I use human activity recognition (HAR) dataset with 6 classes using federated learning (FL). In this case, I implement the non-IID dataset by assigning (1) each class dataset to different 6 workers, (2) two classes to 3 different workers, and (3) three classes to 2 different workers.

When I run the FL process, the validation accuracy for scenario (3) > (2) > (1). I expect that all scenarios will obtain almost the same validation accuracy. For each scenario, I use the same hyperparameter settings including batch size, shuffle buffer, and the model configuration.

Is it common in FL with the non-IID dataset or is there any problem with my result?

Solution

The scenario where each worker has only one (and all of) one label can be considered the "pathologically bad" non-IID for Federated Averaging.

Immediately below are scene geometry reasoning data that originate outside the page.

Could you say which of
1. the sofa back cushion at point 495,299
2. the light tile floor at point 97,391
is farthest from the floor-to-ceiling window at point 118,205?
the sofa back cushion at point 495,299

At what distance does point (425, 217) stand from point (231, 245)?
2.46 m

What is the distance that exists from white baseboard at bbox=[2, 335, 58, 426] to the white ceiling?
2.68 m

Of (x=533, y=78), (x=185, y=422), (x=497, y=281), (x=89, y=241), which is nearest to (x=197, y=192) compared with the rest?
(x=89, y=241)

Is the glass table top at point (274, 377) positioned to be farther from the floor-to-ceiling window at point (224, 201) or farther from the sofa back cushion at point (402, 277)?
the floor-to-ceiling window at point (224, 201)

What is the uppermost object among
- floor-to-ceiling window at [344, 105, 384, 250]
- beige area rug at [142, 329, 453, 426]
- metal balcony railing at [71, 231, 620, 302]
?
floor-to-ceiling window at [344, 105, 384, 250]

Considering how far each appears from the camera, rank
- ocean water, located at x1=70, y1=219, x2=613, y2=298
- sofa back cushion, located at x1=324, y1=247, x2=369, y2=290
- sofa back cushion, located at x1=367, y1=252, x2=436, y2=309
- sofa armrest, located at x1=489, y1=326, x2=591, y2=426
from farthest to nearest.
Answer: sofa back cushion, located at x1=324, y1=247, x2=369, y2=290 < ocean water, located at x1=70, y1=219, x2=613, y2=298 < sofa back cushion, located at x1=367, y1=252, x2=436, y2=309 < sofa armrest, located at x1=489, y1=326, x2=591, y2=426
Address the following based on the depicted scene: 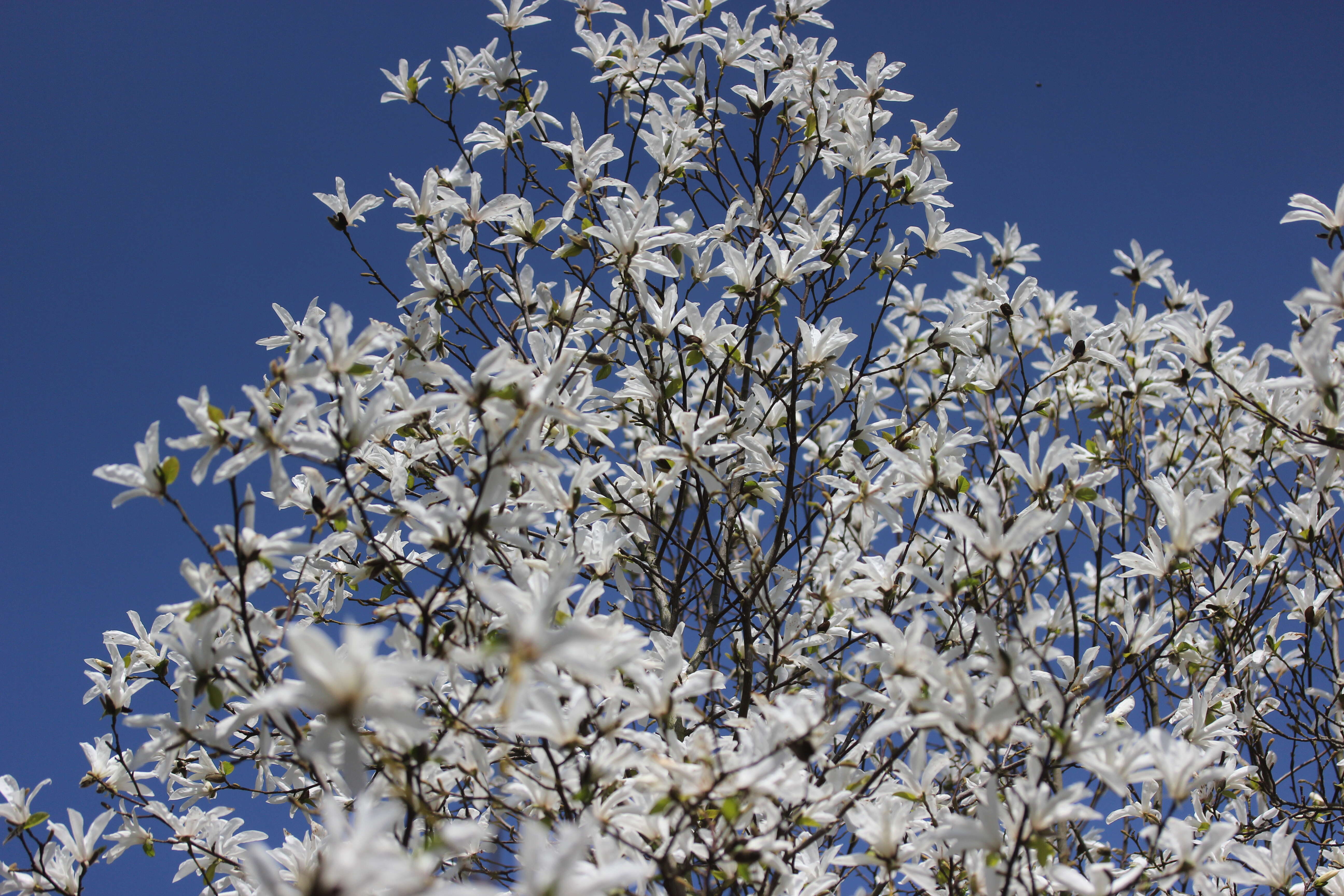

In this scenario, its possible that each worker learns to predict only the label it has. The model does not need to discriminate on any features: if a worker only has class 1, it can predict class 1 and obtain 100% accuracy. Each round, when all of the model updates are averaged, the global is back to a model that only predicts each class with 1/6 probability.

The closer each workers distribution of examples is to the global distribution (or each other, i.e. the more IID the client datasets are), the closer its local training will produce an update to the global model that is in the same direction as the averaged update, leading to better training results.